U.C.C. § 2-719(2) -- the "failure of essential purpose"
limitation on the enforceability of limited remedies in a sales contract -- offers
a prime example of the uncertainty concerning the scope of the validity
exclusion in CISG. President Murray and I have both argued that the doctrine
might not be a matter of contractual validity because it is triggered by
events occurring after a sales contract is formed. MURRAY,
supra note 12, § 151(B) n.21; Flechtner, Remedies Under
the Sales Convention, supra at 80. Professor Hartnell
disagrees. Hartnell, supra note 40, at 84.
[48] Because Beijing Metals was attempting to
enforce ABC's promise to pay, ABC's contention would take the form of a
"mutuality of obligation" argument. In other words, ABC would argue that it
gave Beijing Metals no consideration by promising to do what it was already
legally obligated to do.

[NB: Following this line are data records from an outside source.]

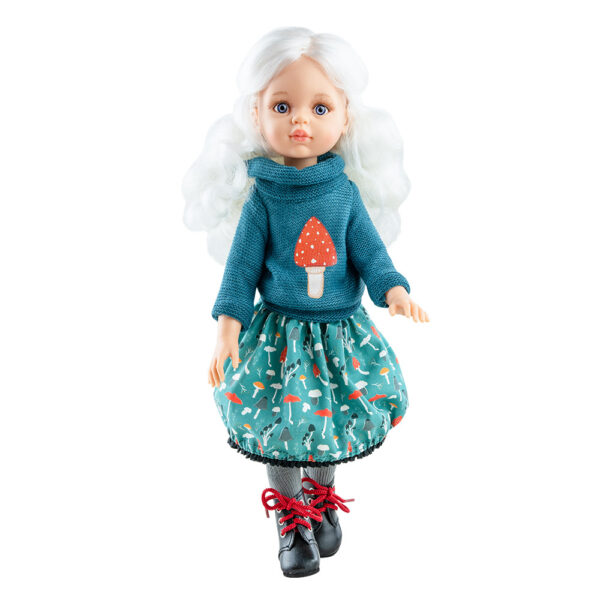 Papusa cecile 32 cm, 10 articulatii, in tinuta fancy mushroom, amigas - paola reina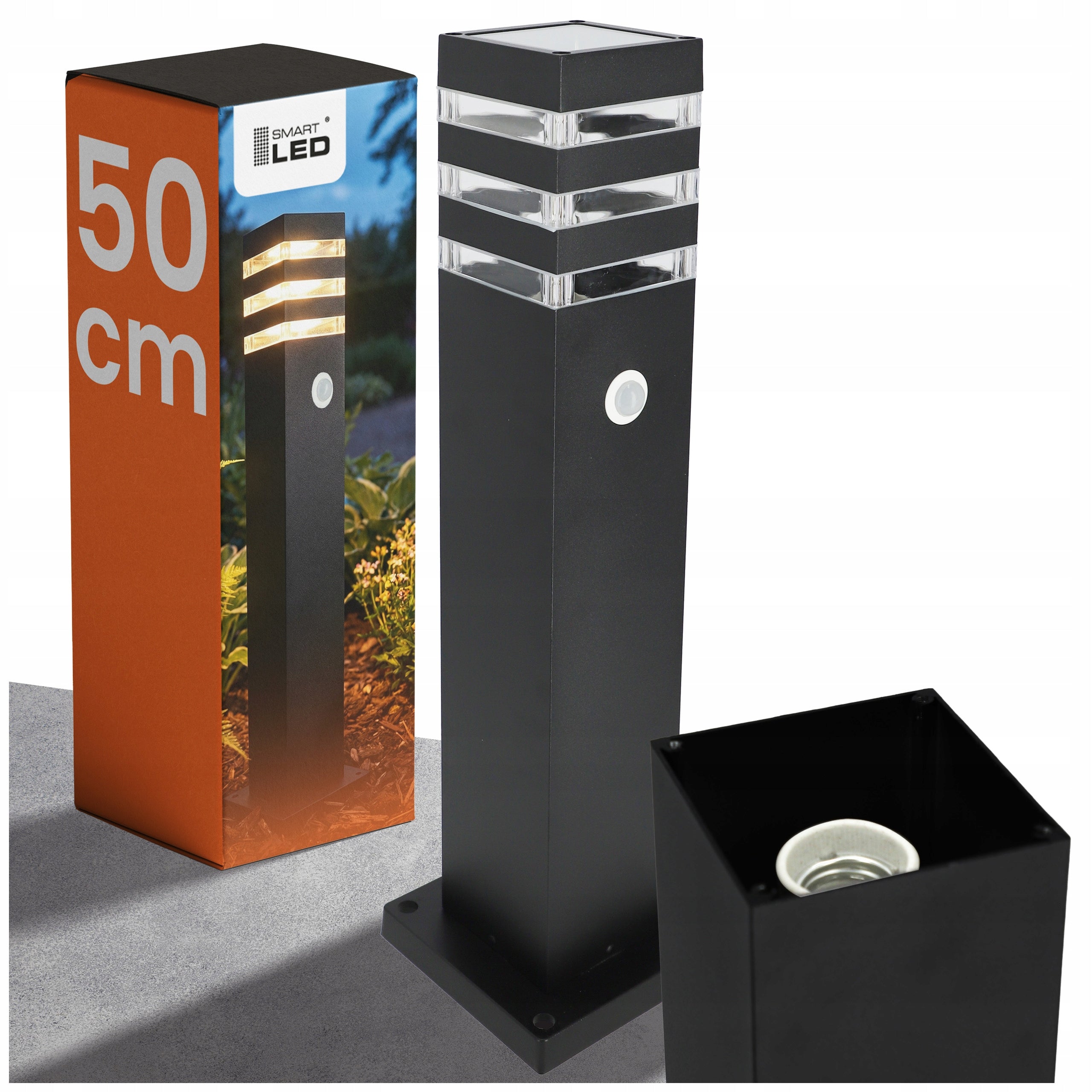 LED Garden Lamp 50cm E27 Outdoor Standing Post IP54 + Motion Sensor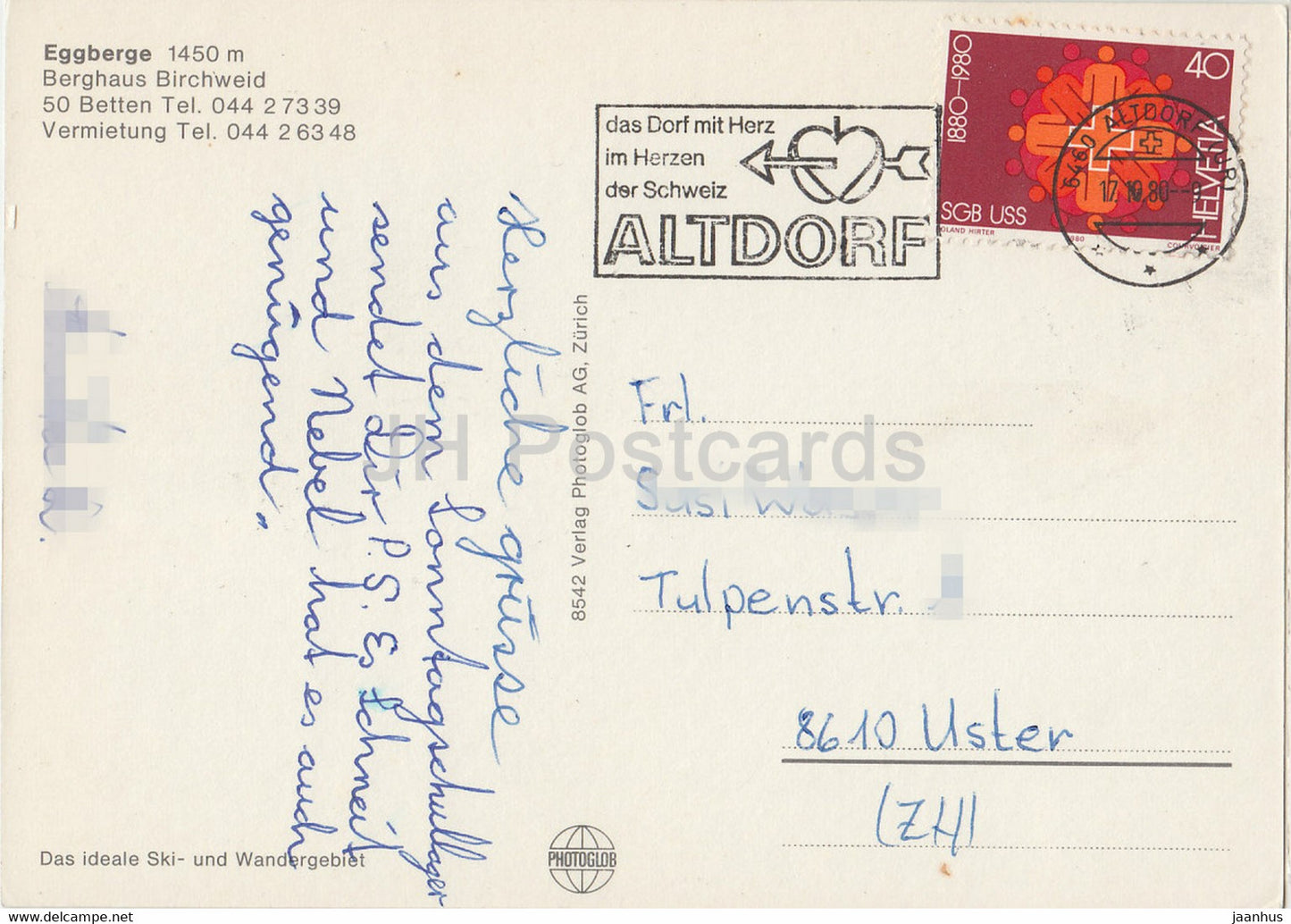 Eggberge 1450 m - Berghaus Birchweid - cable car - multiview - 1980 - Switzerland - used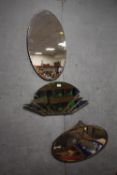 AN ART DECO STYLE MODERN WALL MIRROR, TOGETHER WITH TWO OVAL EXAMPLES (3)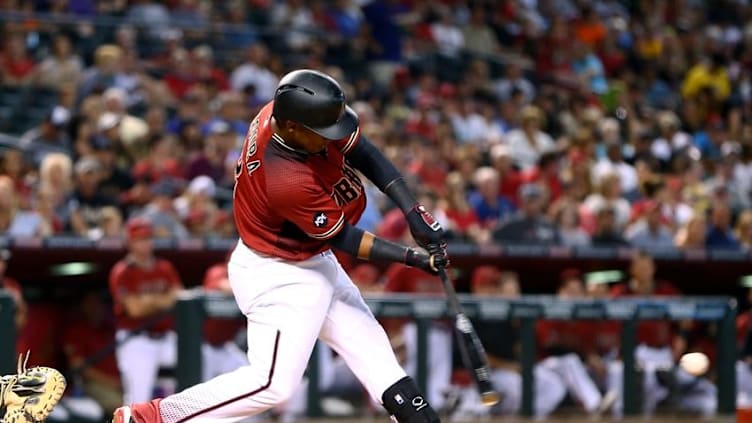 Apr 24, 2016; Phoenix, AZ, USA; Arizona Diamondbacks second baseman Jean Segura against the Pittsburgh Pirates at Chase Field. Mandatory Credit: Mark J. Rebilas-USA TODAY Sports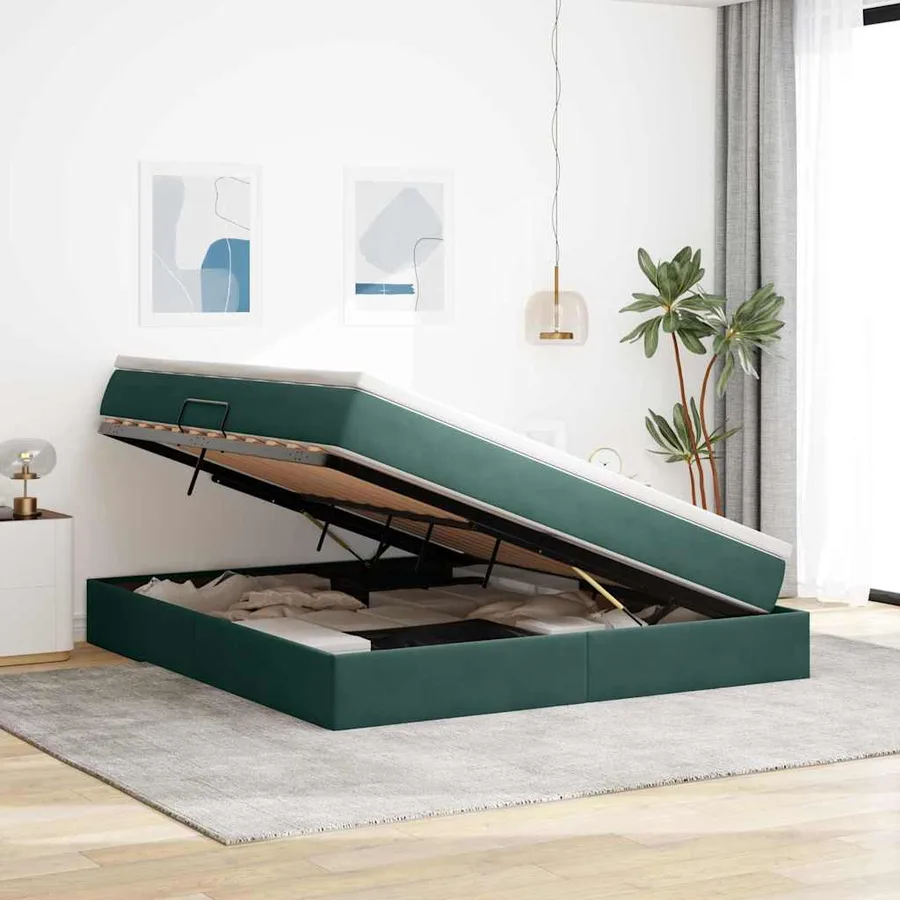 Lit avec rangement et matelas Vert foncé 180 x 200 cm Velours - 4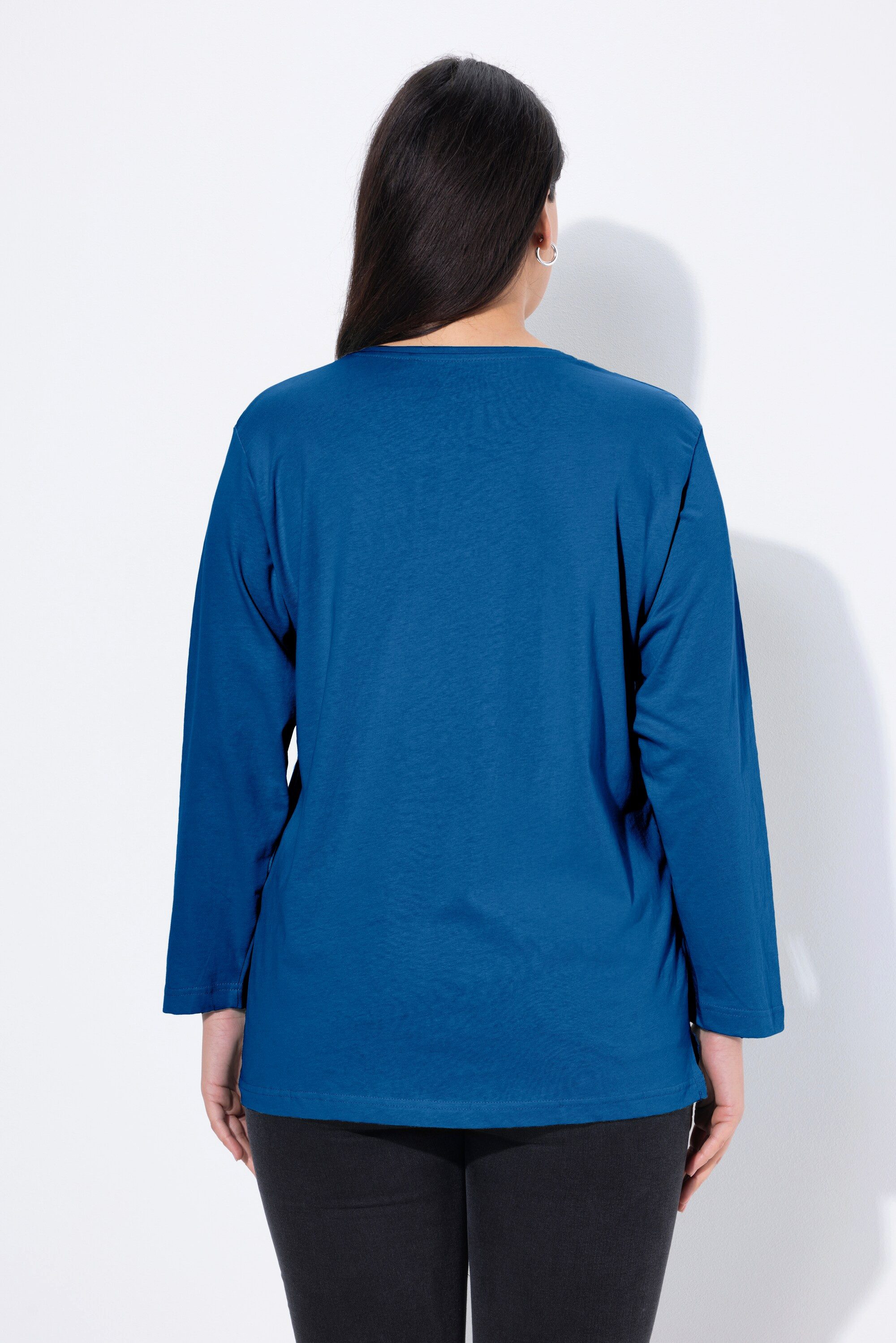 Ulla Popken T-Shirt Shirt V-Ausschnitt Relaxed Langarm – Bild 3 von 4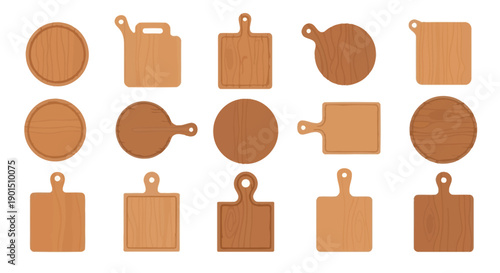 Collection of diverse wooden chopping boards in various shapes and sizes for kitchen use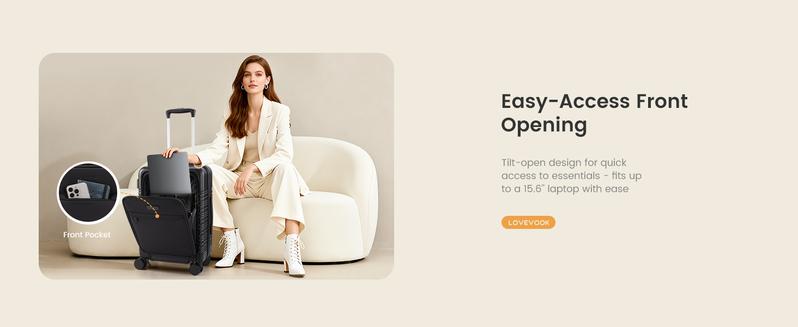 【Valentine's Day Gift】LOVEVOOK Carry On Luggage 22x14x9 Airline Approved with Detachable Pouch, 21 Inch Hardside Suitcases with Spinner Wheels, Lightweight Carry-on Luggage with TSA Lock for Women Men, 2PCS，TikTokShopJumpstartSale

Thus even if Beijing Metals had promised in the
payment agreement to refrain from enforcing its rights under the original sales
contracts, that promise was unenforceable because Beijing Metal received no
consideration for it. The agreement thus arguably lacked "mutuality of
obligation" ("both parties must be bound or neither is bound," as it is
traditionally articulated) because Beijing Metals was not bound by its promise.
See Hay v. Fortier, 102 A. 294 (Me. 1917). But see
RESTATEMENT (SECOND) OF CONTRACTS § 75 cmt. d &
illus. 4, § 79(c) & cmt. f (rejecting mutuality of obligation doctrine);
MURRAY, supra note 12, § 65 (recommending that mutuality of
obligation doctrine be "disavowed").
[49] HONNOLD, supra note 12, §
201; MURRAY, supra note 12, § 152(C), at 887.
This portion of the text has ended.